During the spring of 1503, Leonardo had no income source, which may in part explain his interest in a private portrait. But later that year, he most likely had to delay his work on Mona Lisa when he received payment for starting The Battle of Anghiari, which was a more valuable commission and one he was contracted to complete by February 1505. In 1506, Leonardo considered the portrait unfinished. He was not paid for the work and did not deliver it to his client. The artist's paintings travelled with him throughout his life, and he may have completed the Mona Lisa many years later in France, in one estimation by 1516.
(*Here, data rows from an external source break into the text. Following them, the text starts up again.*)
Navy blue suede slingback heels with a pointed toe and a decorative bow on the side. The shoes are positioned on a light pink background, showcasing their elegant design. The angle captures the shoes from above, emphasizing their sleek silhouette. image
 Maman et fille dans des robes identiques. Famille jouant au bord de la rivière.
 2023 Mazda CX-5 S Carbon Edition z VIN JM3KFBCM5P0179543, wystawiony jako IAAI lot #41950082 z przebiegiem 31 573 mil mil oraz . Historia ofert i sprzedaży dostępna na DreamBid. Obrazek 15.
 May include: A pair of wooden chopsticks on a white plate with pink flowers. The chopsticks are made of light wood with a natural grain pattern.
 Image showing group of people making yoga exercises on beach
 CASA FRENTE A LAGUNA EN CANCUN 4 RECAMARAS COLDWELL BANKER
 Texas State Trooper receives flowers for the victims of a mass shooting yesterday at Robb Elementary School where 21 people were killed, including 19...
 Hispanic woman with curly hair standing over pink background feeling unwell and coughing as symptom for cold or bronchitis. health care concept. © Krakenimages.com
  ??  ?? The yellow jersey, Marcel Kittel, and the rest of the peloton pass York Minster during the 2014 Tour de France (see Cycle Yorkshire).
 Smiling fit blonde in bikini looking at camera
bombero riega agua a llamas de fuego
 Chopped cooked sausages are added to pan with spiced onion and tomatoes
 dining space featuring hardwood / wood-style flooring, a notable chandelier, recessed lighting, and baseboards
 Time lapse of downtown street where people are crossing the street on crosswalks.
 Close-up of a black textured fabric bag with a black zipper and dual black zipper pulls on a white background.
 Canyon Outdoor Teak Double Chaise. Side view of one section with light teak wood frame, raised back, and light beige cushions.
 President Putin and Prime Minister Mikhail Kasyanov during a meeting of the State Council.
The painting's title dates to 1550. An acquaintance of at least some of Francesco's family, Giorgio Vasari, wrote, "Leonardo undertook to paint, for Francesco del Giocondo, the portrait of Mona Lisa, his wife" (). The portrait's Italian name La Gioconda is the feminine form of her married name. In French it is known by the variant La Joconde. Though derived from Lisa's married name there is the added significance that the name derives from the word for "happy" (in English, "jocund") or "the happy one".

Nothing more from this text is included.